Techne-mentors show up in all the genres of participation but their role is probably more visible at the geeking out end of the spectrum. That is, as technology becomes a more central concern, learning and talking about technology also becomes more central and so does mentoring. It’s really important that the way Hanging Out uses the concept, kids are involved both in being mentored and mentoring others.
A “tech steward” is a specific kind of techne-mentor, working on behalf of a community, mentoring and being mentored in the context of that community. A technology steward is influenced by their social context. In geeky communities such as the Ubuntu community that Andreas Lloyd studied, everyone is concerned with technology in one way or another, although some people are more influential than others. In thinking about the “hanging out” end of the spectrum it occurs to me that the job of technology stewards is partly to make technology disappear. People really want to be hanging out with each other, talking about hawks in Central Park or milking cows in Portugal. The more intuitive and habitual a community’s technology infrastructure becomes, the more authentic and direct the experience of being in the community.
As we wrote Digital Habitats and began focusing on technology stewards who we encountered in different communities, we were struck by the fact that they came from many different backgrounds. That as far as their role was concerned, they were not “trained” in any conventional sense. Looping back to Hanging Out, that makes a lot of sense:
“Sociocultural approaches to learning have recognized that kids gain most of their knowledge and competencies in contexts that do not involve formal instruction.
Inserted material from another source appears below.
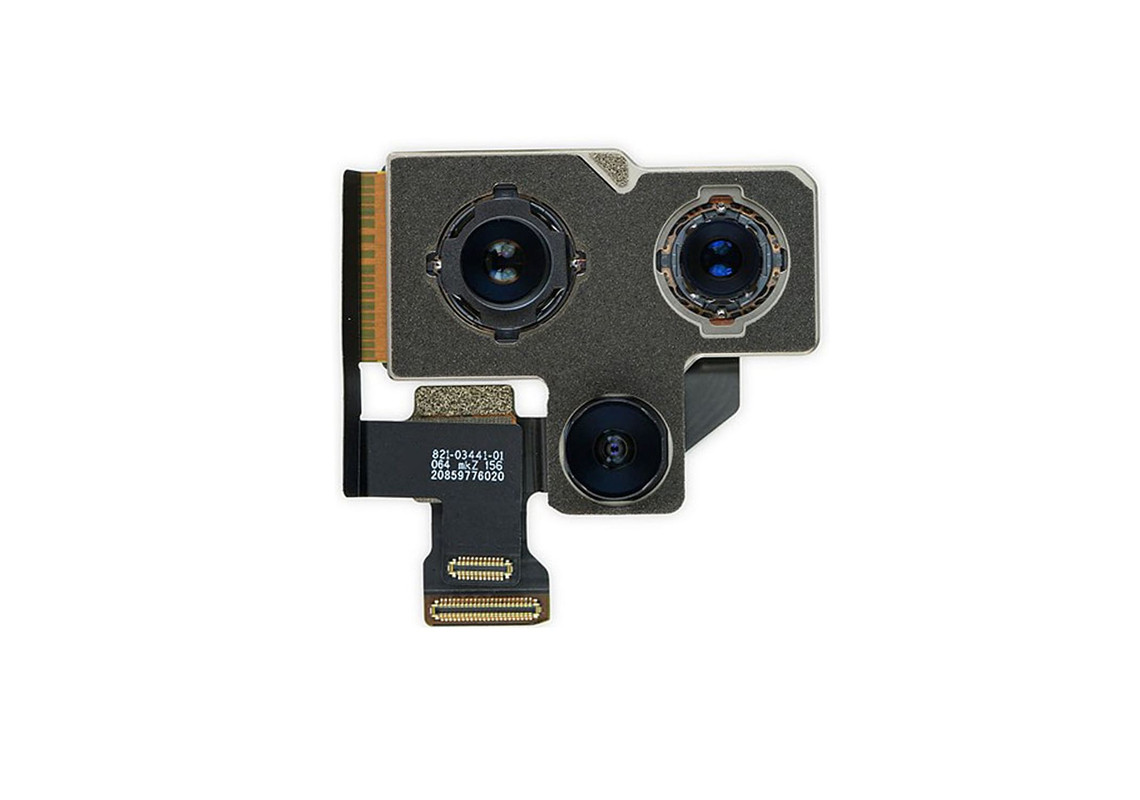 For iPhone 12 Pro Max Rear Camera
A growing body of ethnographic work documents how learning happens in informal settings, as a side effect of everyday life and social activity, rather than in an explicit instructional agenda.” (p. 21)
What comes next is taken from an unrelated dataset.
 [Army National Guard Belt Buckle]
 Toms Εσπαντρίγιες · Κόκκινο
That’s a very polite way of saying that school is, in some important respects, irrelevant. It applies to kids as well as to grown-up technology stewards.
“One of the key innovations of situated learning theory was to posit that learning was an act of social participation in communities of practice (Lave and Wenger 1991). By shifting the focus away from the individual and to the broader network of social relationships, situated learning theory suggests that the relationships of knowledge sharing, mentoring, and monitoring within social groups become key sites of analytic interest. In this formulation, people learn in all contexts of activity, not because they are internalizing knowledge, culture, and expertise as isolated individuals, but because they are part of shared cultural systems and are engaged in collective social action.“ (p. 14)
Learning to learn about technology (in particular) from this point of view is a fundamental skill that results from hanging out, messing around, and geeking out. To me this suggests that people who learn about technology in school are cheated because they miss out on some fundamental hanging out experiences. In this sense, the “digital divide” between older people who have been subject to training and younger people who came by their knowledge more socially may be more of a “learning divide.” That makes a lot of classroom instruction about technology irrelevant.
Beware of any technology steward who tells you that they learned how to do it in school.